R tests with noLD option: Run R tests using a custom-built R with compilation flag --disable-long-double. See this page for more details about noLD. This is a requirement for keeping XGBoost on CRAN (the R package index). To invoke this test suite for a particular pull request, simply add a review comment /gha run r-nold-test. (Ordinary comment won’t work. It needs to be a review comment.)

GitHub Actions is also used to build Python wheels targeting MacOS Intel and Apple Silicon. See .github/workflows/python_wheels.yml. The python_wheels pipeline sets up environment variables prefixed CIBW_* to indicate the target OS and processor. The pipeline then invokes the script build_python_wheels.sh, which in turns calls cibuildwheel to build the wheel. The cibuildwheel is a library that sets up a suitable Python environment for each OS and processor target. Since we don’t have Apple Silion machine in GitHub Actions, cross-compilation is needed; cibuildwheel takes care of the complex task of cross-compiling a Python wheel. (Note that cibuildwheel will call setup.py bdist_wheel. Since XGBoost has a native library component, setup.py contains a glue code to call CMake and a C++ compiler to build the native library on the fly.)

Reproduce CI testing environments using Docker containers

In our CI pipelines, we use Docker containers extensively to package many software packages together. You can reproduce the same testing environment as the CI pipelines by running Docker locally.

Prerequisites

Install Docker: https://docs.docker.com/engine/install/ubuntu/
Install NVIDIA Docker runtime: https://docs.nvidia.com/datacenter/cloud-native/container-toolkit/install-guide.html#installing-on-ubuntu-and-debian The runtime lets you access NVIDIA GPUs inside a Docker container.

Building and Running Docker containers locally

For your convenience, we provide the wrapper script tests/ci_build/ci_build.sh. You can use it as follows:

tests/ci_build/ci_build.sh <CONTAINER_TYPE> <DOCKER_BINARY> --build-arg <BUILD_ARG> \
  <COMMAND> ...

where:

<CONTAINER_TYPE> is the identifier for the container. The wrapper script will use the container definition (Dockerfile) located at tests/ci_build/Dockerfile.<CONTAINER_TYPE>. For example, setting the container type to gpu will cause the script to load the Dockerfile tests/ci_build/Dockerfile.gpu.
<DOCKER_BINARY> must be either docker or nvidia-docker. Choose nvidia-docker as long as you need to run any GPU code.
<BUILD_ARG> is a build argument to be passed to Docker. Must be of form VAR=VALUE. Example: --build-arg CUDA_VERSION_ARG=11.0. You can pass multiple --build-arg.
<COMMAND> is the command to run inside the Docker container. This can be more than one argument. Example: tests/ci_build/build_via_cmake.sh -DUSE_CUDA=ON -DUSE_NCCL=ON.

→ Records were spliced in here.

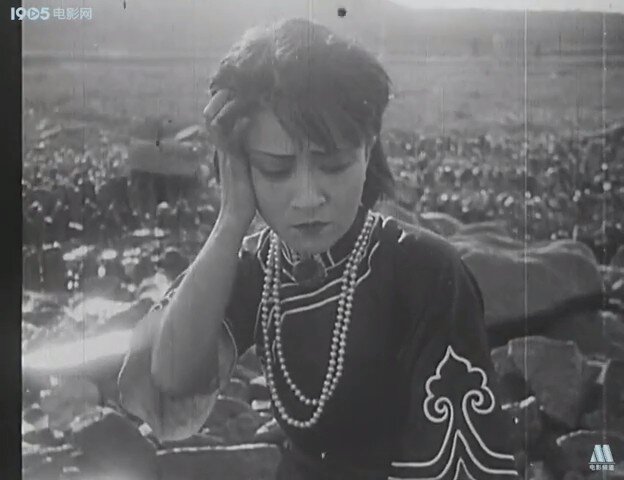 1929.情海重吻 默片黑白 高清 爱情片 豆瓣6.1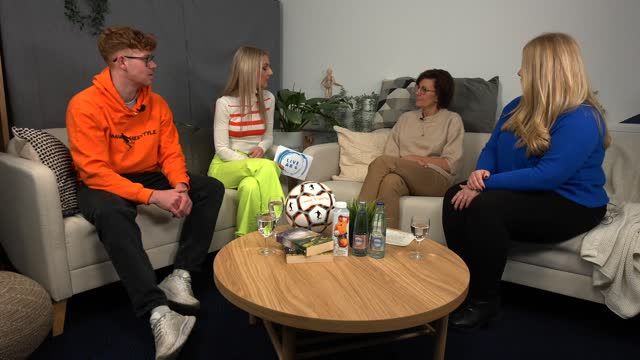 Versteigerung eines individuell beschrifteten JANNIK FREESTYLE FUSSBALLS zugunsten des Kinderschutzbunds Koblenz, steigern Sie mit!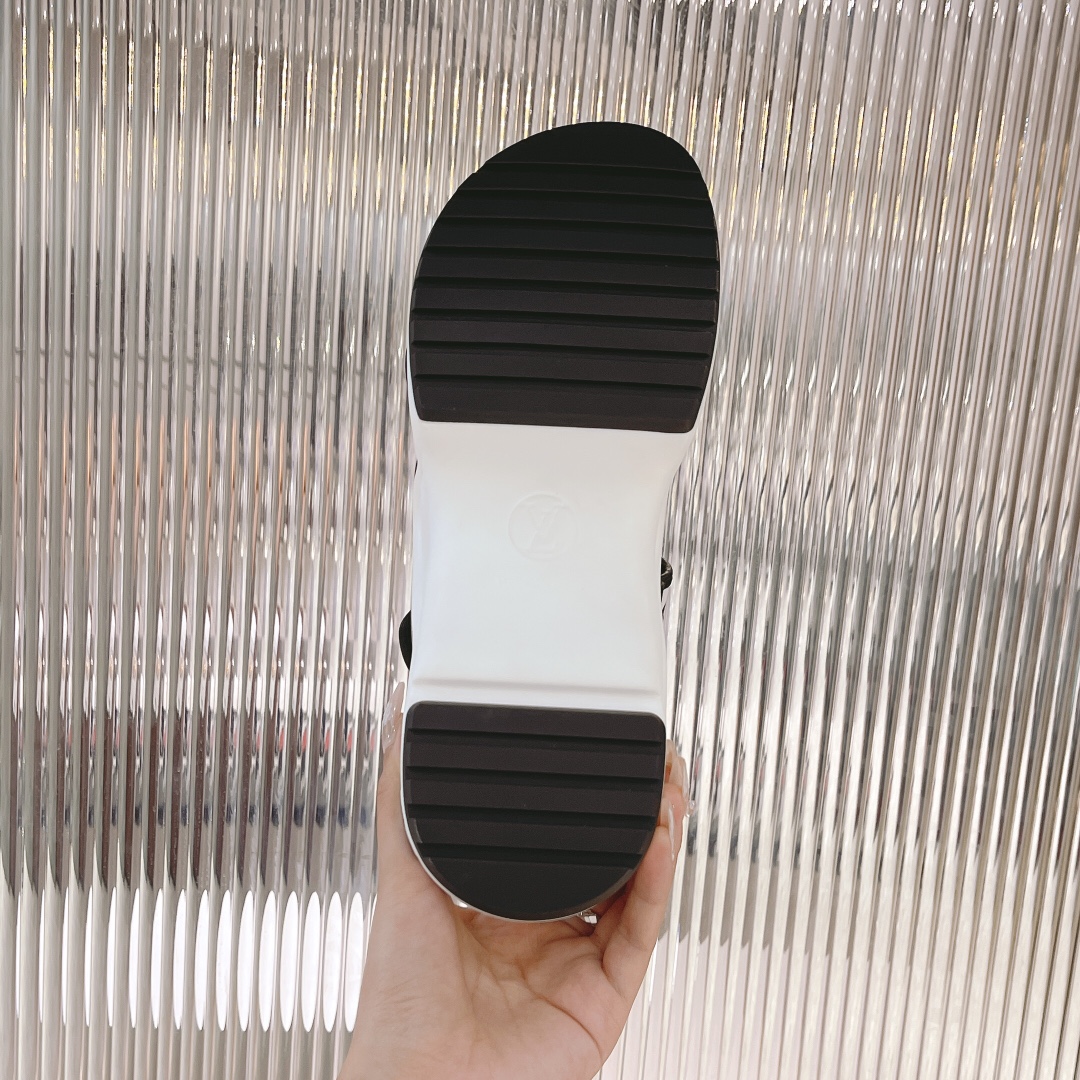 Louis Vuitton Women's LV Archlight Flat Sandal Black For Women LV 1AA0PZ - Soul Replicas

Optionally, you can set the environment variable CI_DOCKER_EXTRA_PARAMS_INIT to pass extra arguments to Docker. For example:

# Allocate extra space in /dev/shm to enable NCCL
export CI_DOCKER_EXTRA_PARAMS_INIT='--shm-size=4g'
# Run multi-GPU test suite
tests/ci_build/ci_build.sh gpu nvidia-docker --build-arg CUDA_VERSION_ARG=11.0 \
  tests/ci_build/test_python.sh mgpu

To pass multiple extra arguments:

export CI_DOCKER_EXTRA_PARAMS_INIT='-e VAR1=VAL1 -e VAR2=VAL2 -e VAR3=VAL3'

Update pipeline definitions for BuildKite CI

BuildKite is a SaaS (Software as a Service) platform that orchestrates cloud machines to host CI pipelines. The BuildKite platform allows us to define CI pipelines as a declarative YAML file.

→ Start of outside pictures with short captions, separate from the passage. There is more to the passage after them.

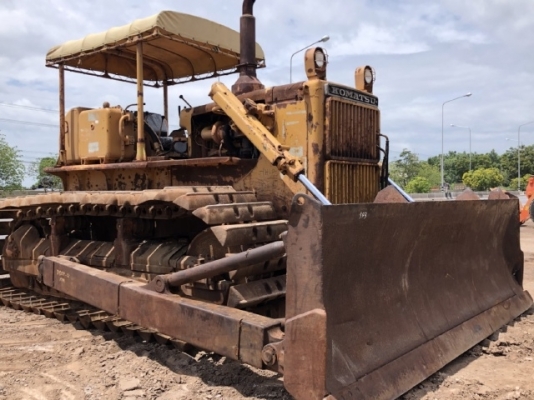 ขายรถดันดิน KOMATSU D80P-12 (D8) นำเข้าเองจากญี่ปุ่น สภาพสวยพร้อมใช้ มีVDOการทำงานครับ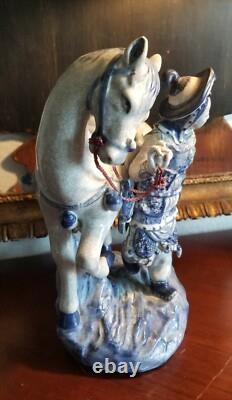 Chinese Very collectible ORIENTAL BOMBAY BLUE WHITE PORCELAIN statue Man & Horse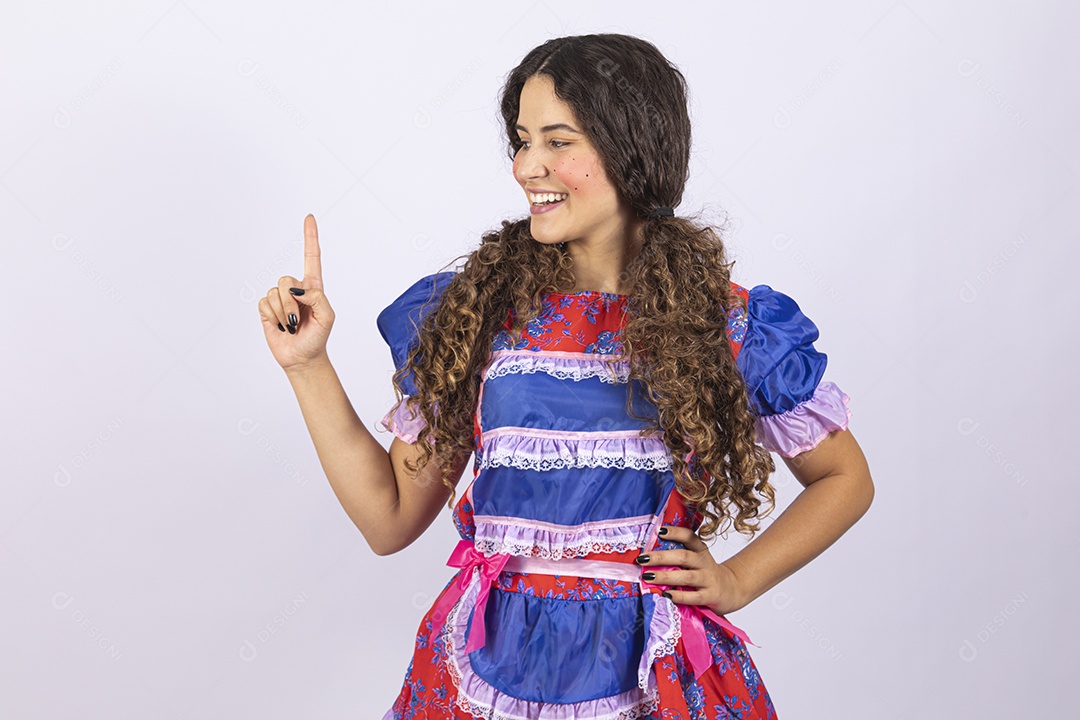 Linda mulher jovem fantasiada celebrando festas juninas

The pipeline definitions are found in tests/buildkite/:

tests/buildkite/pipeline-win64.yml: This pipeline builds and tests XGBoost for the Windows platform.
tests/buildkite/pipeline-mgpu.yml: This pipeline builds and tests XGBoost with access to multiple NVIDIA GPUs.
tests/buildkite/pipeline.yml: This pipeline builds and tests XGBoost with access to a single NVIDIA GPU. Most tests are located here.

Managing Elastic CI Stack with BuildKite

BuildKite allows us to define cloud resources in a declarative fashion. Every configuration step is now documented explicitly as code.

Prerequisite: You should have some knowledge of CloudFormation. CloudFormation lets us define a stack of cloud resources (EC2 machines, Lambda functions, S3 etc) using a single YAML file.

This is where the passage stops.